UNICEF and Friends International launched a campaign in October 2011 to stop orphanage tourism in Cambodia. Volunteership inadvertently has created a capricious industry where families sell their children to orphanages to mitigate the strains of desperate poverty. The campaign contends that orphanage tourism exploits and endangers children because it lacks necessary safety measures dedicated to the physical and mental well-being of children. The demand from Westerners to volunteer in Cambodian orphanages actually exacerbates the situation, creating a fertile breeding ground for child trafficking.

While voluntourism certainly tarnishes the merit of humanitarian work, it is important to note the impact of effective, long-term and personal aid programs that can be facilitated by both skilled and unskilled volunteers. In case of the Syrian refugee crisis, skilled volunteers who are learned in a craft, language or sport play a critical role in restoring quality of life to children in abeyance.

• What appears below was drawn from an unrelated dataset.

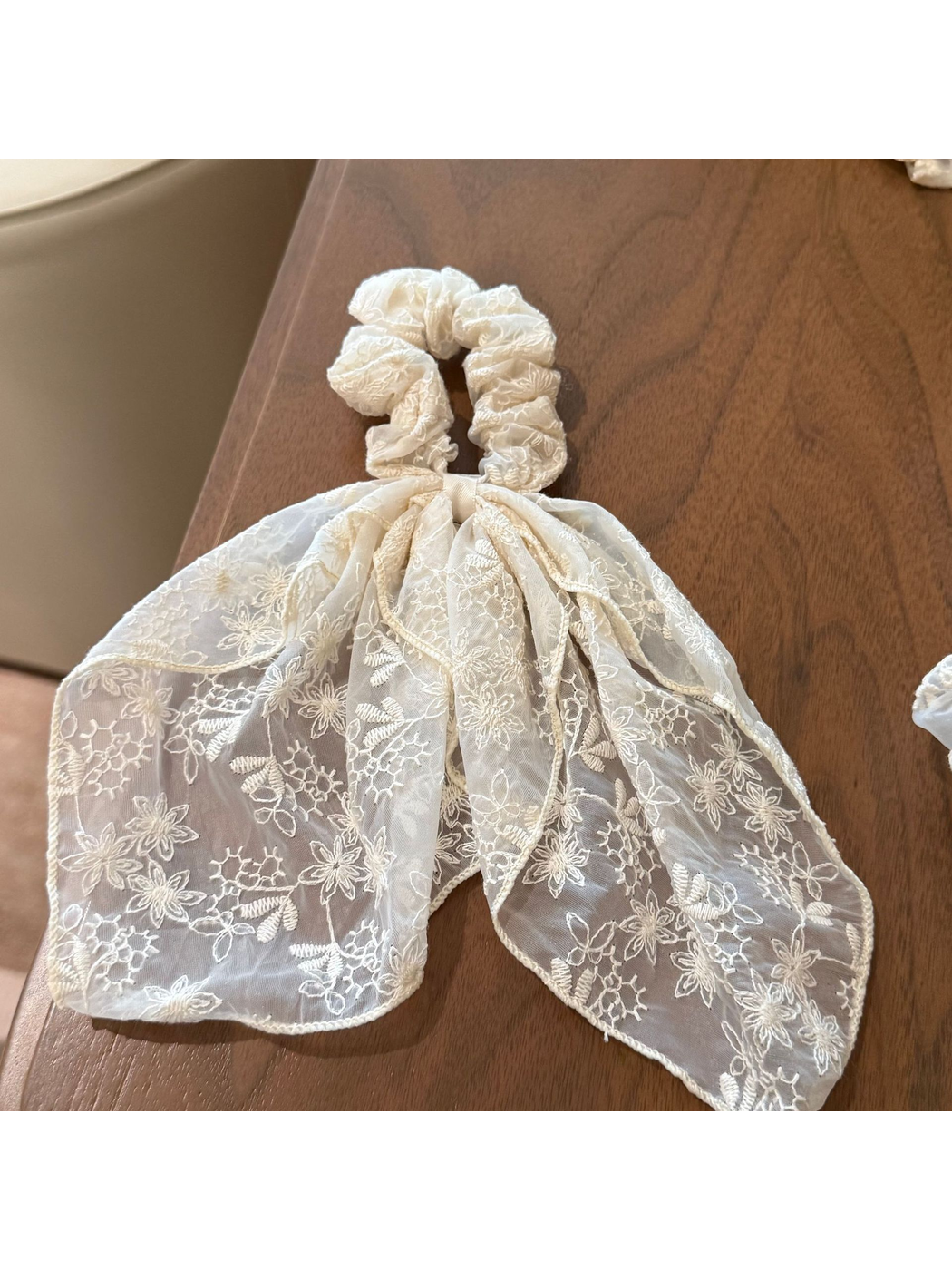 Gifty - Floral Lace Layered Oversized Scrunchie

Perhaps the greatest harm of the crisis is the “lost generation” of Syrian children whose development, education and security were interrupted by civil war. Skilled volunteers providing personal aid aim to either return children to their homes in Syria or resettle them elsewhere until they have the skillsets necessary to pursue higher education or to enter the workplace. Personal aid is instrumental to counter the detrimental effects of psychological trauma as well. Unskilled volunteers have a place in the humanitarian world as well; if students truly care about service work, then their selfless and uncompromising dedication to these populations should work in the form of social media campaigning, fundraising and facilitating personal aid programs.

Short and ineffective service learning trips degrade the potential of communities in developing nations and they perpetuate a sense of helplessness and a system of reliance. Students should reconsider the validity of short-term volunteer programs, as they effectively render tragedy into tourism.